** Problem **
Exclude the pictures, then quote exactly the lines from the one holding "Dark Lord Mask" through the last line of the records.
────
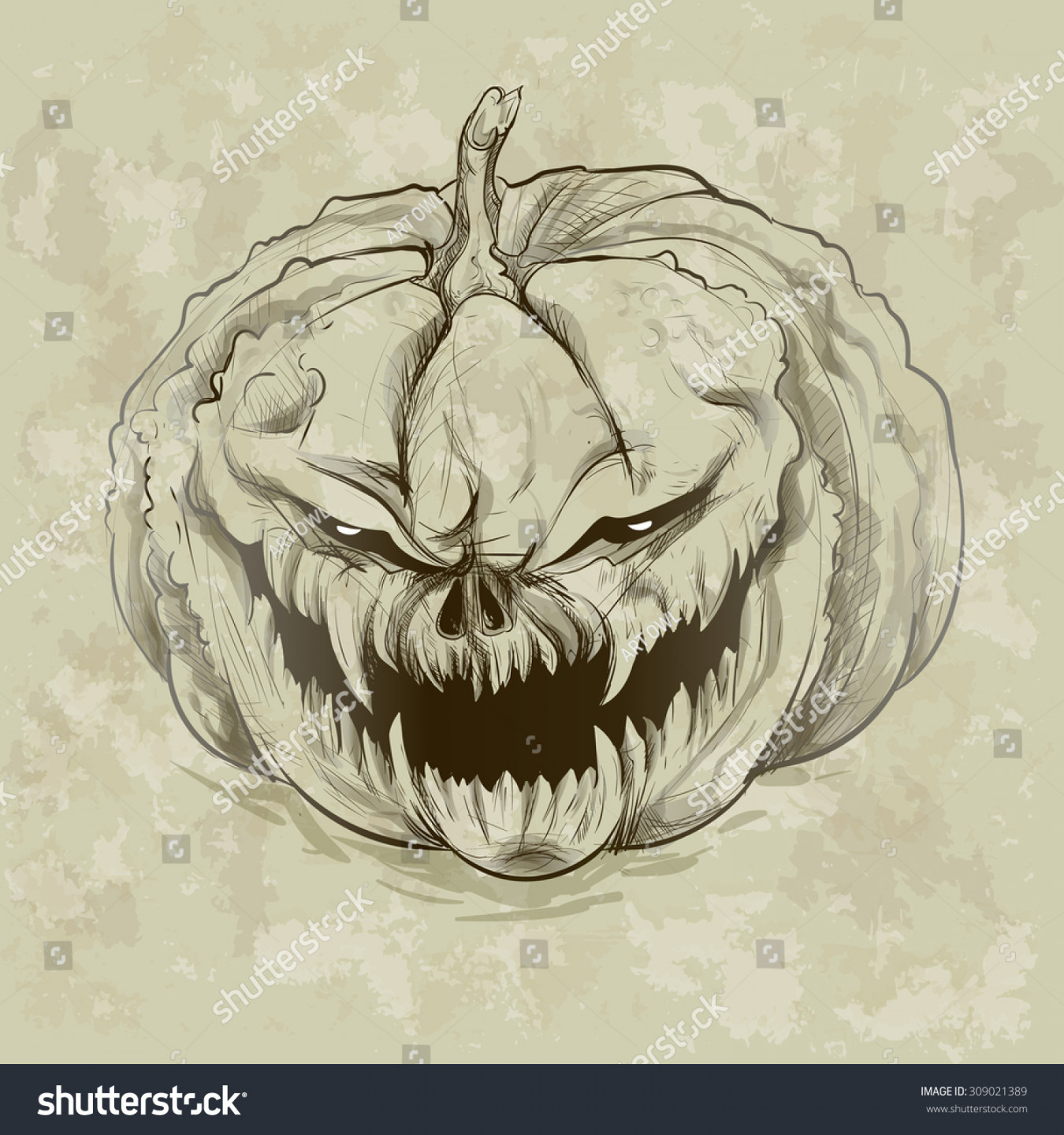 Vector Illustration Evil Pumpkin On Grunge: Stock-Vektorgrafik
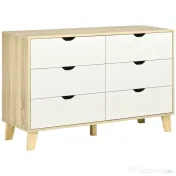 HOMCOM Comodă cu 6 sertare și mânere sculptate, din lemn, 120x40x76 cm, alb și stejar 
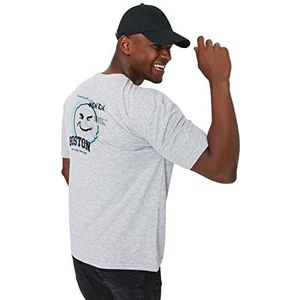 Trendyol T-shirt tissé à col rond standard décontracté pour homme, gris, M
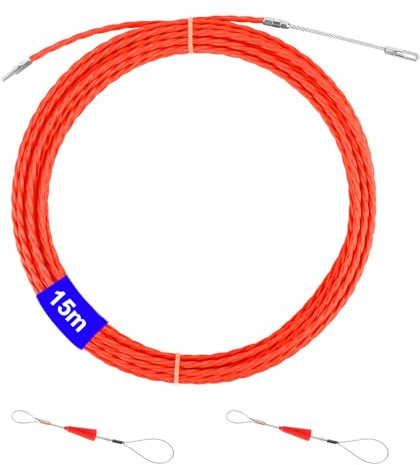 Guia Pasacables 15 m, φ 4 mm Enhebrador de Alambre Electrico, Cable Puller con Muelle de Guía, Kit de Enhebrado, para Obras de Telecomunicaciones, la Colocación de Cables, Naranja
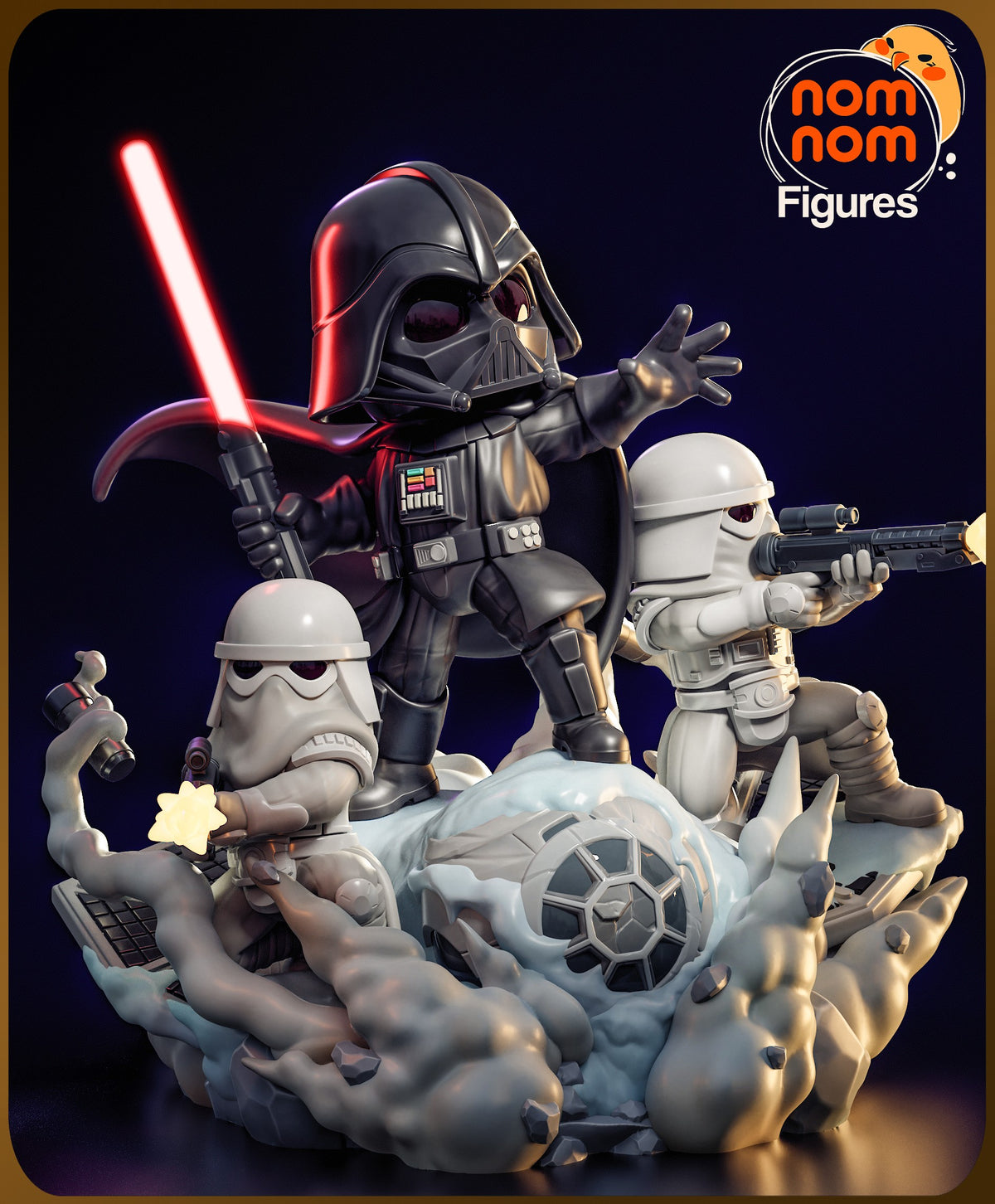 Dark Lord Mask from Galaxy Wars is a painted resin Chibi figure posed on a sculpted base.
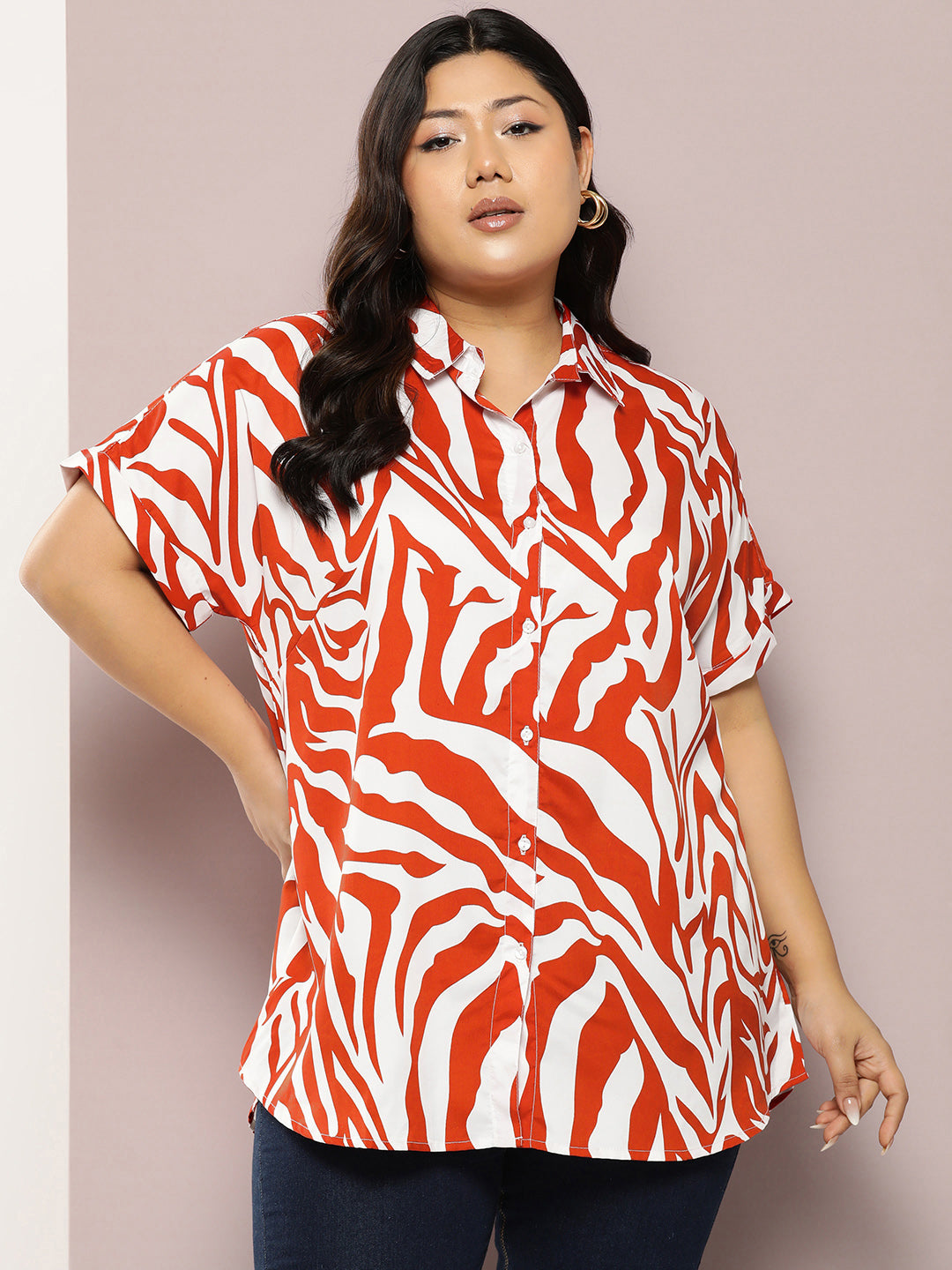 Orange Zebra print full placket Resort shirt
────
** Written response **
 Dark Lord Mask from Galaxy Wars is a painted resin Chibi figure posed on a sculpted base.
 Orange Zebra print full placket Resort shirt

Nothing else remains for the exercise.